**What the exercise asks**
Down to the last line, restate the records below word for word, dropping every image.

--- Input for this task ---

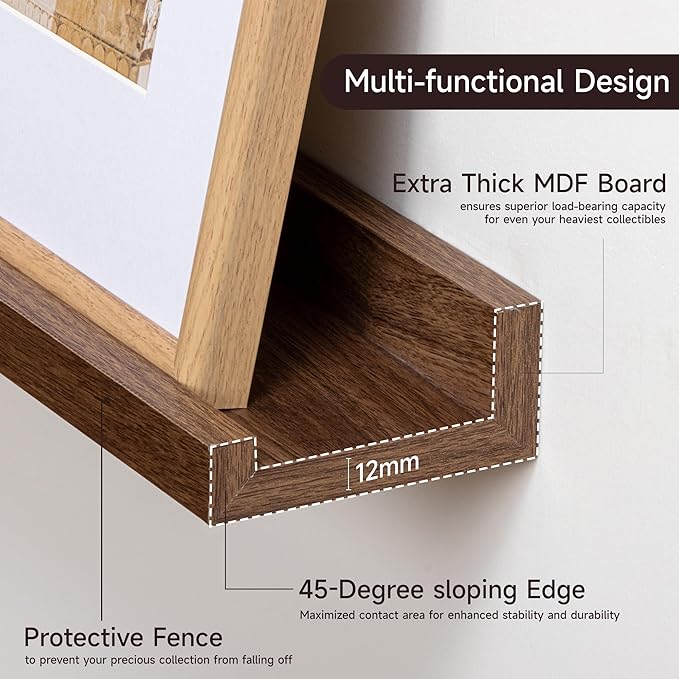 Fun Memories Picture Ledge Shelf, 24 Inch Floating Shelves Set of 2, Nursery Book Shelves for Toys Storage, Kids Bookshelf Wall Mounted for Wall Decor Books Photo Frames, Walnut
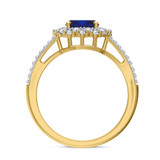 Photo of Evanthe 1 7/8 CT. T.W. Sapphire and Diamond Matching Bridal Ring Set 14K Yellow Gold [BT891YE-C000]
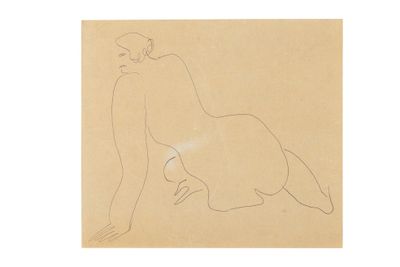 drawing of a nude woman sitting on the ground with her back to the camera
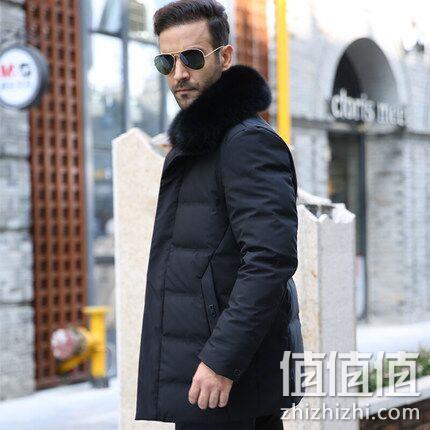 90%白鸭绒 龙帝澳 男士 大毛领 中长款羽绒服 券后378元包邮（吊牌价988元） 值值值-买手聚集的地方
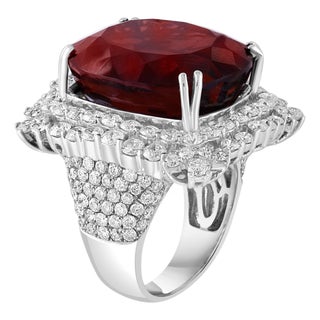 25 Carat Cushion Shape Rhodolite Garnet and 5.8 Carat Diamond Ring 18 Karat Gold For Sale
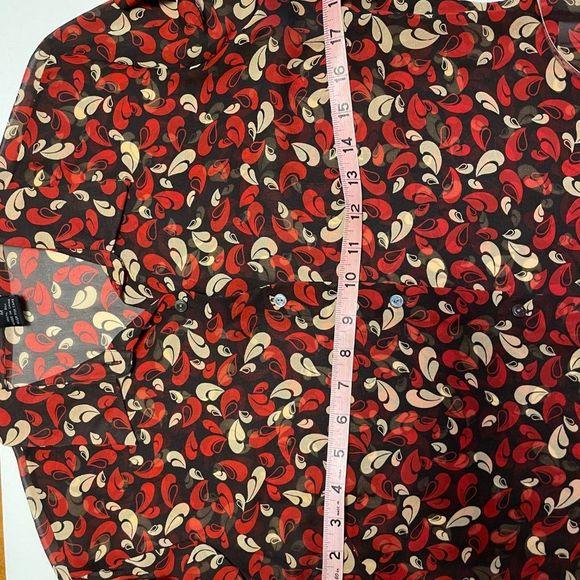 Vintage Limited Silk Blouse Sz M Semi Sheer Retro Y2K Mod - Picture 9 of 10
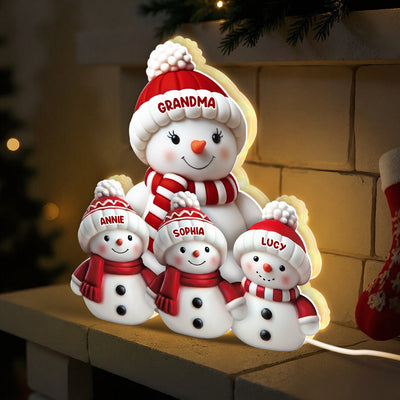 3D Effect Cute Snowman Grandma & Grandkids - Personalized Light Box - Christmas Decor For Family, Grandma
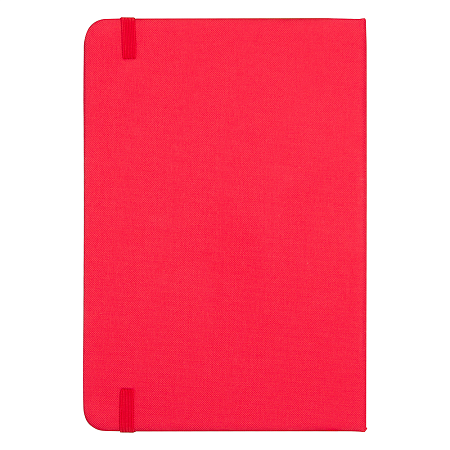 Блокнот А5 Hobard, в твердой обложке c резинкой в линейку, красный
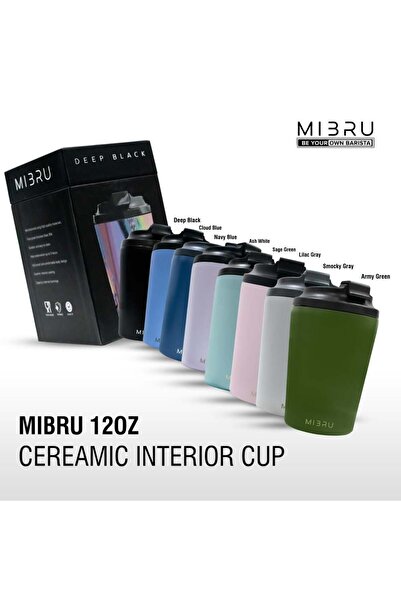 MIBRU 12OZ CEREAMIC INTERIOR CUP ASH WHITE Mibru Ceramic Vacuum Insulated Mugs 350ml (12 oz)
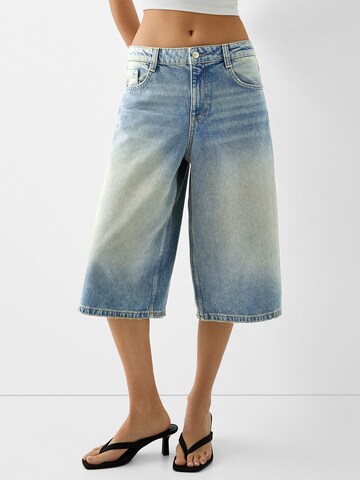 Bershka Wide Leg Shorts in Blau: predná strana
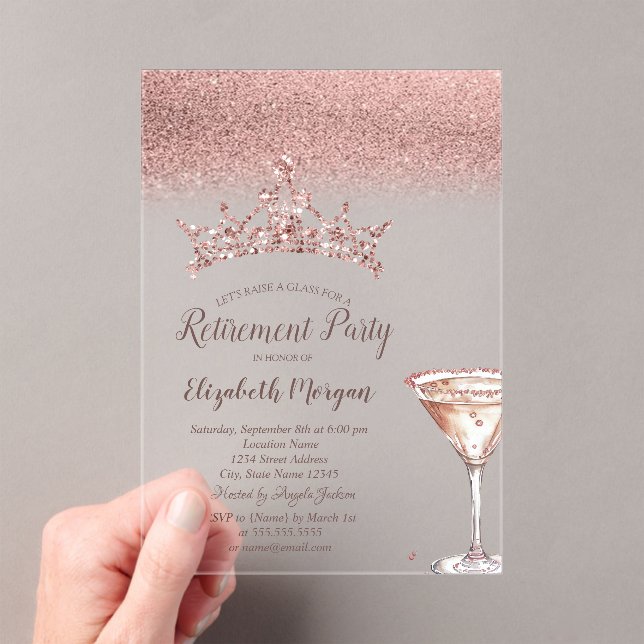 Invitations En Acrylique Rose Gold Glitter Tiara Martini Glass Retirement  (In situ (ordinateur de poche))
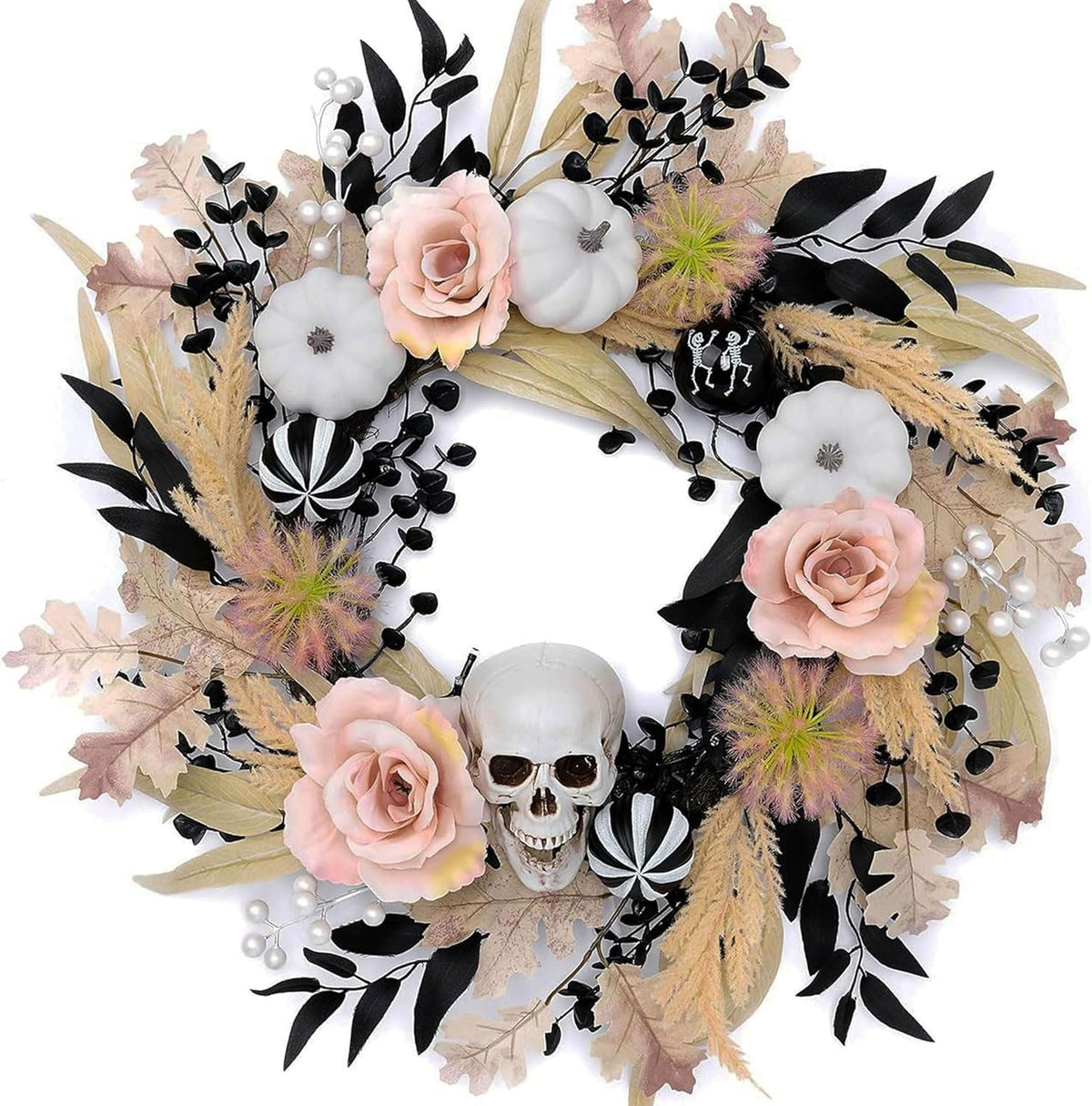 Valery Madelyn 24 Inch Collapsible Halloween Wreath for Front Door with Lights, Pre-Lit Fall White Pumpkin Skull Wreath Pink Roses Halloween Decorations Indoor for Table Centerpiece Autumn Decor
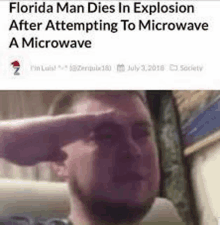 a man is saluting in front of a microwave .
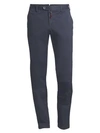Isaia Solid Flat Front Trousers In Navy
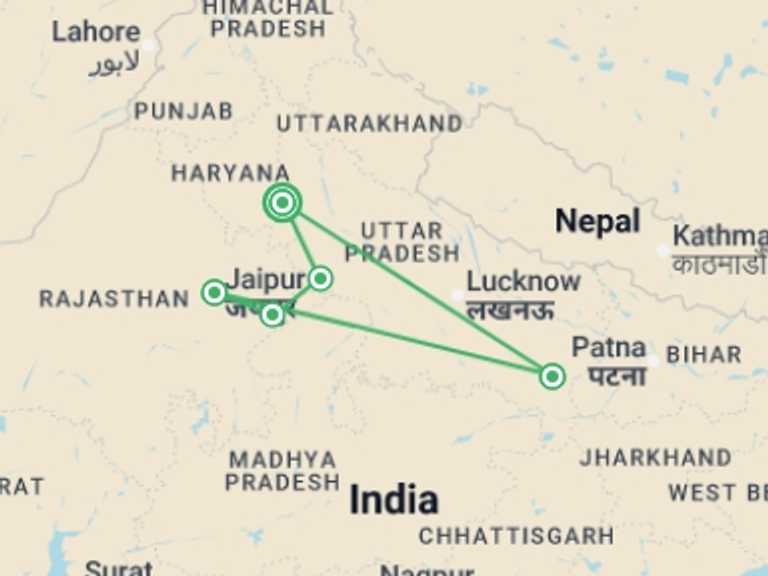 Map itinerary of India Tour in Spring with 4 destination visits for the trip: Delhi, Palaces, Ganges - 10 days
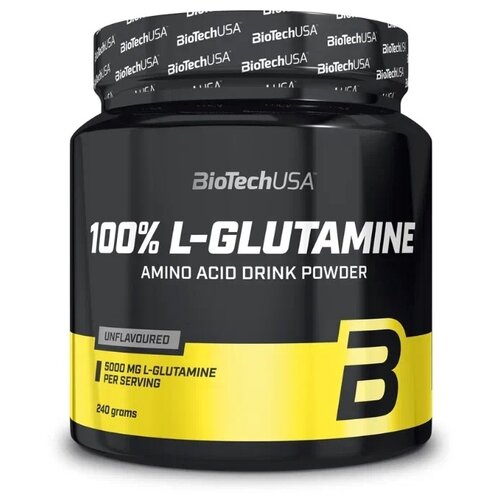 Аминокислота BioTechUSA 100% L-Glutamine, без вкуса, 240 гр. biotechusa валик для штанги biotechusa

---

**Result**
 Fun Memories Picture Ledge Shelf, 24 Inch Floating Shelves Set of 2, Nursery Book Shelves for Toys Storage, Kids Bookshelf Wall Mounted for Wall Decor Books Photo Frames, Walnut
 Photo of Evanthe 1 7/8 CT. T.W. Sapphire and Diamond Matching Bridal Ring Set 14K Yellow Gold [BT891YE-C000]
 drawing of a nude woman sitting on the ground with her back to the camera
 90%白鸭绒 龙帝澳 男士 大毛领 中长款羽绒服 券后378元包邮（吊牌价988元） 值值值-买手聚集的地方
 25 Carat Cushion Shape Rhodolite Garnet and 5.8 Carat Diamond Ring 18 Karat Gold For Sale
 Vintage Limited Silk Blouse Sz M Semi Sheer Retro Y2K Mod - Picture 9 of 10
 3D Effect Cute Snowman Grandma & Grandkids - Personalized Light Box - Christmas Decor For Family, Grandma
 Блокнот А5 Hobard, в твердой обложке c резинкой в линейку, красный
 MIBRU 12OZ CEREAMIC INTERIOR CUP ASH WHITE Mibru Ceramic Vacuum Insulated Mugs 350ml (12 oz)
 Bershka Wide Leg Shorts in Blau: predná strana
 Invitations En Acrylique Rose Gold Glitter Tiara Martini Glass Retirement  (In situ (ordinateur de poche))
 Valery Madelyn 24 Inch Collapsible Halloween Wreath for Front Door with Lights, Pre-Lit Fall White Pumpkin Skull Wreath Pink Roses Halloween Decorations Indoor for Table Centerpiece Autumn Decor
 a man is saluting in front of a microwave .
Isaia Solid Flat Front Trousers In Navy
 Map itinerary of India Tour in Spring with 4 destination visits for the trip: Delhi, Palaces, Ganges - 10 days
 Аминокислота BioTechUSA 100% L-Glutamine, без вкуса, 240 гр. biotechusa валик для штанги biotechusa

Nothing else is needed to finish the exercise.